There was a professional theater associated with the university, and I remember seeing Hedda Gabler, and I probably saw other productions, and I do remember seeing a roommate in a student presentation of Mother Courage. Playgoing, however, was akin to hearing the Modern Jazz Quartet, going to a ballet, or attending a fencing match; I had not experienced these things growing up, and I wanted to. I certainly had not yet learned the real power of the stage.

That changed soon after I moved to New York, and it came about because of Peter Brook. I was lucky enough to attend his now legendary Royal Shakespeare Company production of A Midsummer Night’s Dream at the Brooklyn Academy of Music. I learned that night that a script can be read, but that a play must be seen. This was not Shakespeare of the drab printed word, but the creation of a magical world on the stage. It drew me in. It was more immediate than any movie could ever be. It required live actors, a stage, and an audience. And a special director who used a nearly bare stage, trapezes, unexpectedly outrageous costume, twirly thingies that glowed in the dark and produced an ethereal sound. I laughed out loud, was moved, and learned that the theater could present an experience that could not be had anywhere else.

I have now seen a half-dozen or more of Peter Brook’s other theatrical productions, some in the last few years since The Brooklyn Academy of Music, and The Theatre for a New Audience, a block away from BAM, were his American homes. They are both mere blocks from my own home. Each production that I have seen had something of interest that could only be done with live actors on the stage.

I was lucky enough to experience another of Brook’s legendary efforts, The Mahabharata, the production that christened the opening of The Harvey Theater at BAM. In the heyday of movie palaces, the building had been one of those gilded theaters, but, like almost all of them, it had closed as TV rose to prominence. It became a bowling alley, I am told. However, I had only known it as a bricked up, decrepit building like many of its neighbors.

The Brooklyn Academy, in collaboration with Brook, decided to turn it into a live theater in the mid-1980s but not into a sleek, modern space with plush seats. Instead, Brook liked the look of decay the place had. The cracked plaster and paint-peeling walls remained. Backless, hardwood benches were installed because this was what Brook wanted for his staging of the ancient Sanskrit epic.

For some theatergoers, Peter Brook is such a powerful figure that they claim to have seen his Dream when they could not have. I think of that when I claim to have seen his Mahabharata. Those benches (subsequently replaced with human seating) were unbearable for a one-act play; the Mahabharata was a seven, or perhaps nine, or maybe even an eleven-hour play. (One could attend it over several days.) I don’t know its actual length because I did not make it to its conclusion. I am only confident that it did end because I have been to that theater many times since, and The Mahabharata is not still on the stage. The seats were uncomfortable, yes, but following the complex interaction of gods and humans was dizzying, and the spouse and I had little idea what was going on. At a break in the “action” (were there even intermissions?) the spouse and I sneaked out, forgetting that where we exited was also a place where actors gathered awaiting their entrances. As we embarrassedly slipped by them, in the days before cellphones, I nonsensically mumbled, “Babysitter problems” to explain our departure.

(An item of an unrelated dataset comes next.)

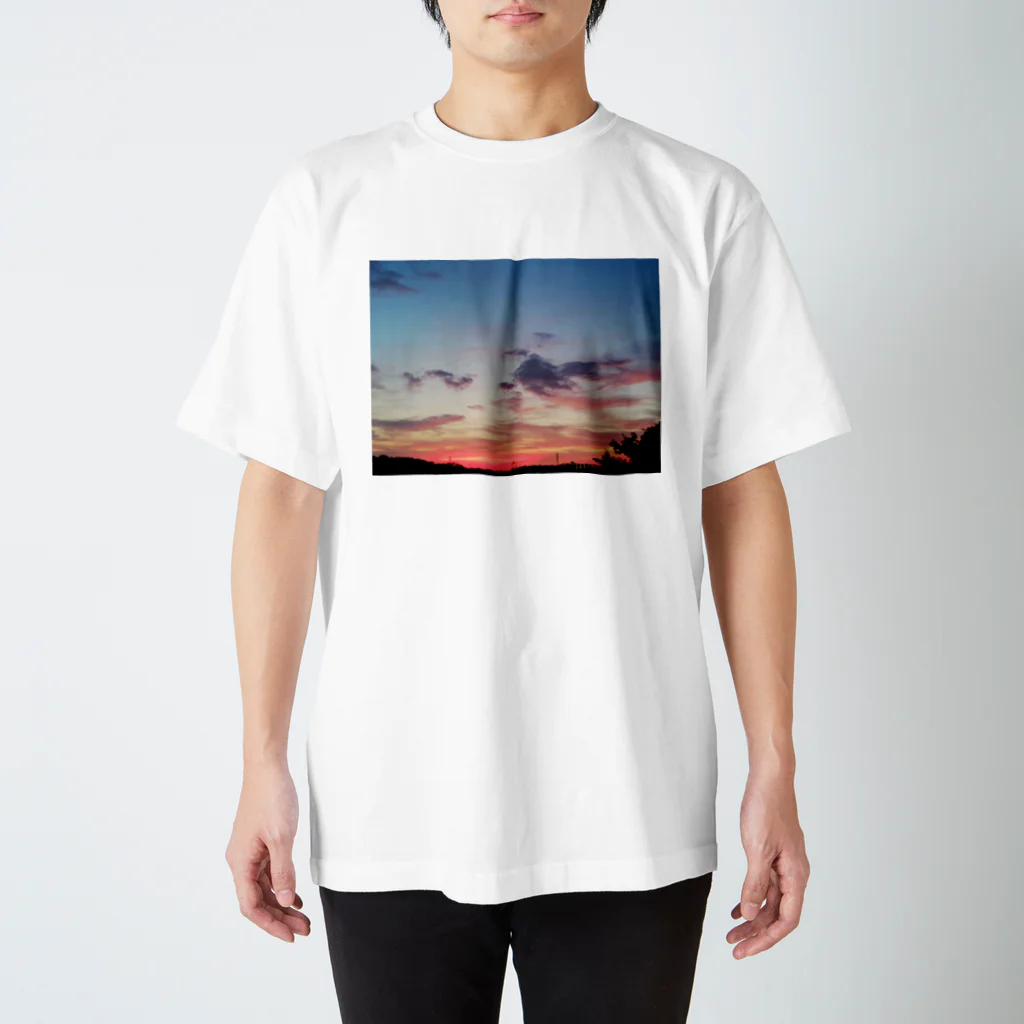 西園寺 颯斗の夕焼け雲 スタンダードTシャツ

So I learned from Peter Brook that theater could be magical and produce an experience that could not be had elsewhere. There have been many more special moments since I started going to plays, and there have been many special productions. I now go to the theater a couple dozen times a year, and something important or magical or special does not always happen, but it happens often enough that I continue going. And I thank Peter Brook’s A Midsummer Night’s Dream for initiating me into the joys of the theater.

But I also learned from Peter Brook that theater sometimes comes with uncomfortable seats and puzzling plots. Then, you just have to get up and go home.